What if I lose my passkey device?+
During initial passkey registration, you receive 10 one-time recovery codes. Each is scrypt-hashed and can only be used once. If you lose your device and your recovery codes, you can access the underlying Hetzner or DigitalOcean VPS through the provider's emergency console. We intentionally limit our own recovery capabilities — because any recovery path we offer is a recovery path an attacker can exploit.
What stops a rogue ellul.ai employee from pushing a malicious update?+
GPG verification. Every update must be signed with an offline, air-gapped GPG key. The VPS verifies the signature and checks the fingerprint against a build-time constant. A rogue employee with full access to our infrastructure still cannot sign a release, because the signing key has never touched a networked machine.

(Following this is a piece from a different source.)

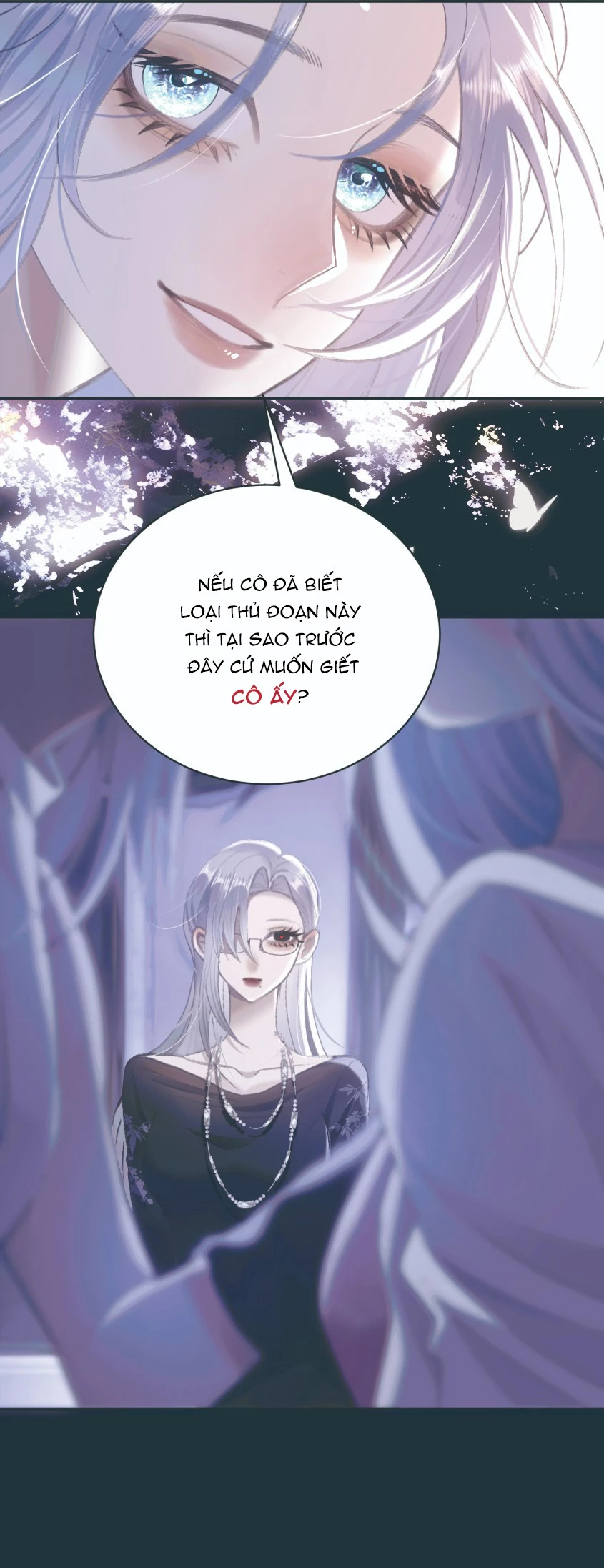 Đồng loại Chapter  19 - 18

How is this different from just renting a VPS myself?+
Three things: automated provisioning (your server is ready in minutes, not hours), managed security defaults (firewall rules, abuse prevention, hardened configs), and the tiered security model (WebAuthn, PoP signatures, body hashing, nonce-based CSP) that would take significant engineering effort to implement yourself. You get self-managed sovereignty without the self-managed overhead.
What data do you actually store about me?+
Your account info (email, OAuth tokens for login), server metadata (IP, region, plan, security tier), and encrypted secrets (SSH public keys, API tokens). We do not store: your server's contents, your terminal history, your application data, your SSH private keys, or your WebAuthn private keys.
Can you read my terminal sessions?+
In Standard mode, terminal traffic is proxied through our infrastructure — so theoretically, yes. In Web Locked mode, your terminal, chat, and code browser are self-contained SPAs served directly from your VPS binary, authenticated end-to-end with passkeys and PoP signatures. The platform never sees the traffic. If terminal privacy matters, enable Web Locked mode.
What happens to my data if I delete my account?+
Server deletion is handled at the cloud provider level. The VPS and all its data are destroyed. Your account data is deleted from our database. If you want to keep your server, disable the ellul.ai agent via SSH and transfer billing to your own provider account before deleting.
Has this been independently audited?+
The system has undergone internal adversarial testing (hostile red team audit) covering data sovereignty, credential isolation, localhost bypass prevention, and ghost port detection. We publish our security architecture transparently so you can audit the design yourself.